Border Patrol Cleared of Falsifying Data
U.S. Justice Department investigators on Tuesday rejected allegations that the Border Patrol falsified arrest data to overstate the success of Operation Gatekeeper, the high-profile crackdown on illegal immigration on the U.S.-Mexico border.
The two-year probe by the Justice Department’s inspector general began in the wake of charges by Border Patrol union officials in the summer of 1996 that arrests of illegal immigrants were being underreported in the San Diego sector to show Gatekeeper was working. The charges also were made then before a congressional and an Assembly subcommittee.
Though finding communication lapses by supervisors, Inspector General Michael R. Bromwich concluded there was “no evidence” that Border Patrol or Immigration and Naturalization Service officials sought to mislead the public about the effectiveness of Gatekeeper, launched in San Diego in October 1994.

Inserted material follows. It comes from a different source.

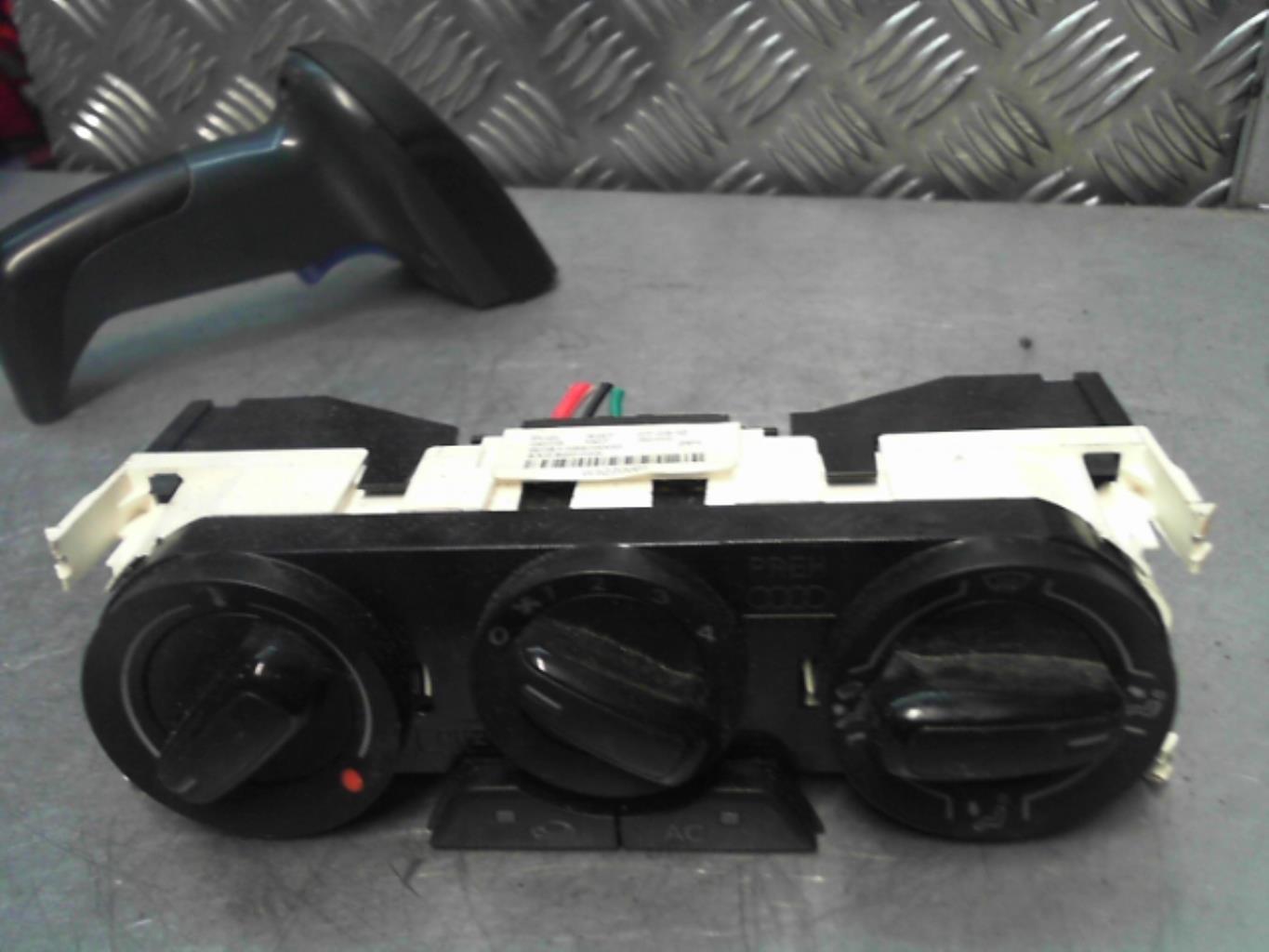 Commande chauffage AUDI A1 1 SPORTBACK PHASE 1 Diesel - 1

“After a thorough and wide-ranging investigation, we can say with confidence that neither INS nor Border Patrol personnel participated in an organized effort aimed at falsifying records, preventing agents from performing their duties or misleading the public about Operation Gatekeeper’s accomplishments,” Bromwich said in a statement issued in Washington.

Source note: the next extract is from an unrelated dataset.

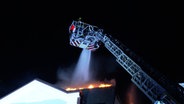 Dachstuhlbrand in Mehrfamilienhaus in Winterhude. Die Feuwehr ist vor Ort. © TNN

Bromwich said investigators conducted 364 interviews and examined more than 100,000 pages of material during the probe.
A spokesman for the Border Patrol union in San Diego labeled the report a “whitewash.” “We anticipated this. We knew it would come down to this. We are definitely not surprised,” said Joseph Dassaro, vice president of Local 1613 of the National Border Patrol Council. He said that more than 150 agents gave confidential testimony and that some provided documents. But he said proving the allegations was difficult.
The union had charged that illegal immigrants were being returned to Mexico without being counted and that intelligence reports were scrubbed of information that would cast the operation in a negative light.
The arrest figures are the primary gauge of how many people are crossing into the United States illegally. A drop in arrests is generally interpreted to mean fewer people crossing.
INS officials voiced satisfaction with the report, saying that, through Gatekeeper, the INS gained control of the San Diego border sector, which once accounted for more than 40% of illegal immigrant arrests nationwide. Apprehensions in the sector hit a 17-year low last year and are on pace to dip lower this year.
“The issuance of the report provides INS with the opportunity to assess its multiyear border strategy to regain control of the Southwest border by deterring illegal entries while facilitating legal traffic. Because San Diego had become the busiest corridor for illegal crossings, Operation Gatekeeper was designed as the centerpiece in that strategy,” INS Commissioner Doris Meissner said in a statement.
Bromwich criticized Border Patrol managers for failing to adequately communicate with agents about the goals and strategy of Gatekeeper, which sought to fortify the San Diego area border with more agents, border fences, lights, ground sensors and infrared night scopes. Under the new strategy, agents who once moved freely around their zones making arrests were assigned to stay put at certain spots to deter would-be crossers.
“Poor communication between management and line agents created an atmosphere of suspicion on which the fraud allegations thrived,” Bromwich said.
Johnny Williams, who was Border Patrol chief in San Diego during much of the enforcement push, said some agents were resistant to the drastic shift in enforcement tactics under Gatekeeper.
“This was a pace of change that was about 180 degrees,” said Williams, now Western regional director of the INS.